Monday, 11 February 2019

Chapter six, 2017, Christmas carols, segment seven


And with that Kareyoshi was gone. With the same vigour as media had been suppressed just a few months earlier they were invited, or rather forced to arrive en masse when police escorted him out of the school on the last day before winter break. He didn’t even get to make his speech. Not even the circus around Kuri when she rose to fame had attracted this much attention.

Yukio grinned and growled at the same time. The face of a predator Kuri had told him with a grim smile on her face.

For him it was almost unreal. Just like it would have been unreal for him if anyone had said that he’d get used to living under a yoke.

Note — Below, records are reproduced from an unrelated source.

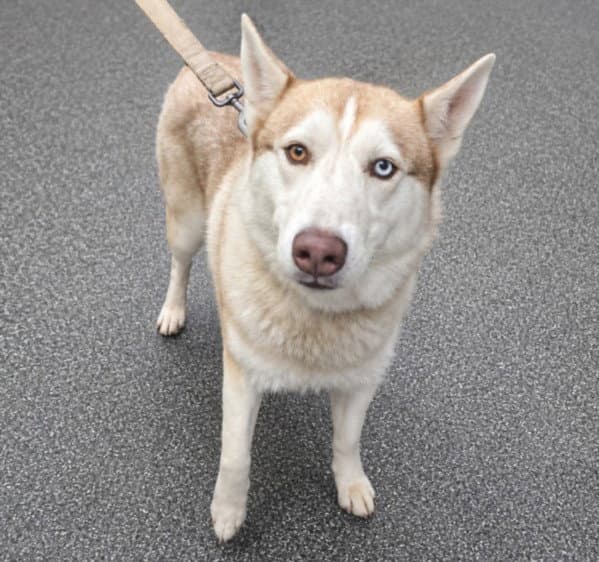 True - Siberian Husky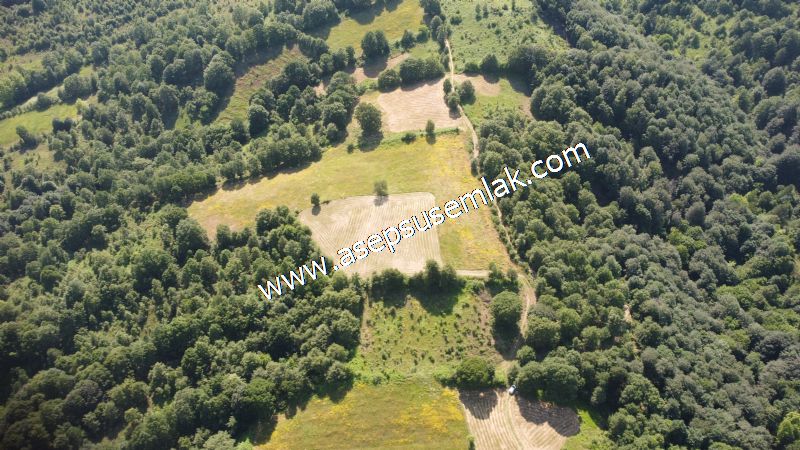 4.607 m2 Resmi Kadastro Yola & Orman Cepheli Hobi Bağ-Bahçesi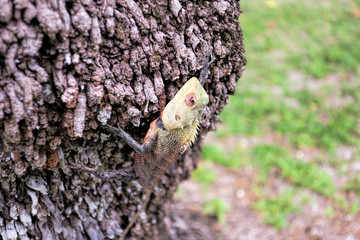 A beautiful multi-colored lizard creeps on a tree. She basks in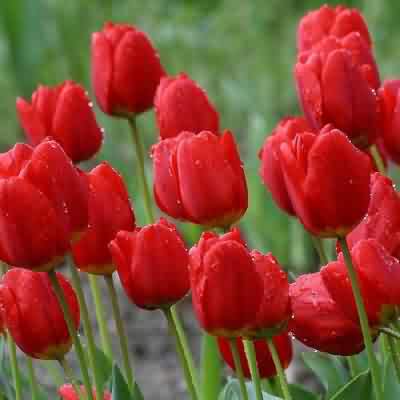 اهنگ جون به لبهام رسیده تا به کی در به دری با صدای زن سوگند ریمیکس اینستا اهنگ جون به لبهام رسیده تا به کی در به دری با صدای زن سوگند ریمیکس اینستا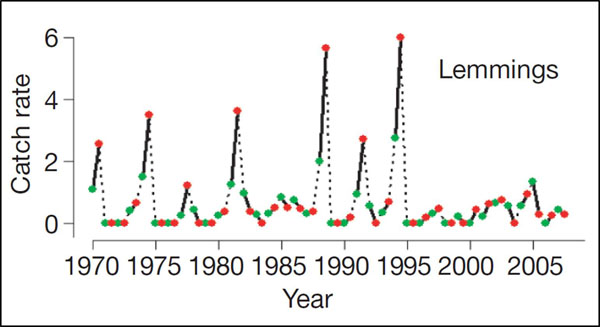 lemming cycles graph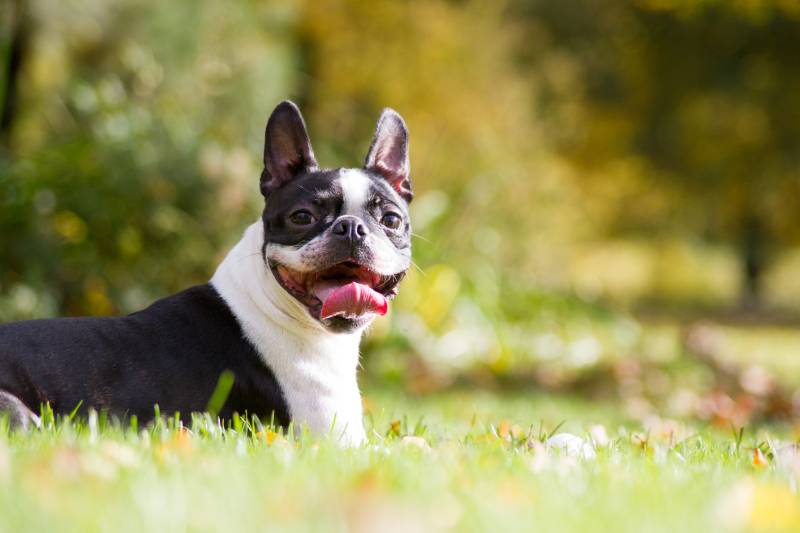 boston terrier posing in the park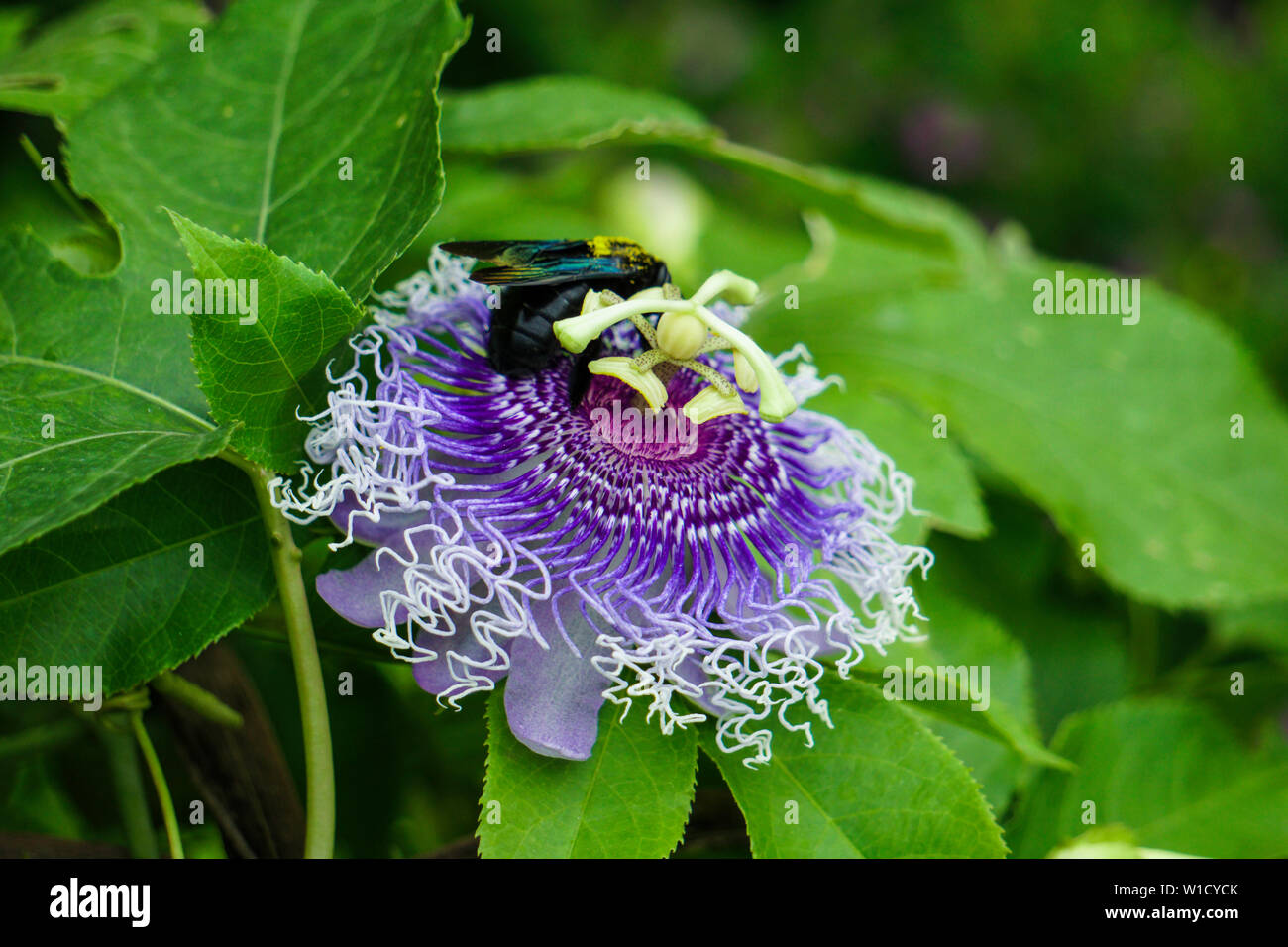 Isolierte HD-Bild dekorative Schöne bunte Blume im Garten Stockfoto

He walked with Kyoko by his side, and this time they just passed the Haven. A train was what he had in mind.

Happy now?” Kyoko asked.

He wasn’t, so he shook his head. “I don’t want to talk about it. Right now I just want to spend Christmas with my girlfriend.”

She said nothing. Her hand hugging his was enough.

He could feel how she accepted his need to leave it all behind him. A later day would come when he needed to talk about it, and Yukio somehow understood a day would also come when Kyoko cried in his arms. Somewhere, hidden in a recess of his mind he harboured a suspicion that day also carried the first real test of their relationship.

But not today. Today they’d walk hand in hand listening to Christmas carols in a city that didn’t really celebrate Christmas in the first place. That was enough for him. A dating event suited him perfectly.

As they placed foot ahead of foot in the almost winter that was Tokyo he turned his head from time to time. They weren’t there. No car, no body guards, no one staring after them from the shadows to make certain they were safe.

Ten years, and you chose to repeat it all. I wonder what’s going on in your head. He shook away any more worries about Kuri. She was a grown up.

Asakusa?”

For Christmas?” Kyoko threw him a glance that told him she wasn’t entirely convinced.

Urufu said there’s some kind of European market near the Cloudspear.”

Doubt we can afford the entrance.”

Yukio smiled. “I’m no good with that kind of heights. Wasn’t planning to go up in that tower.”

All the six hundred metres up,” Kyoko teased.

He was having none of it. “I doubt the observatory is much more than four hundred meters up.”

Oh, that’s nothing.”

Yukio grinned. “Market’s on the ground. Ground is good.”

She looked at him and smiled. Then her face turned thoughtful. “That day, ages ago, when we visited the theme-park?”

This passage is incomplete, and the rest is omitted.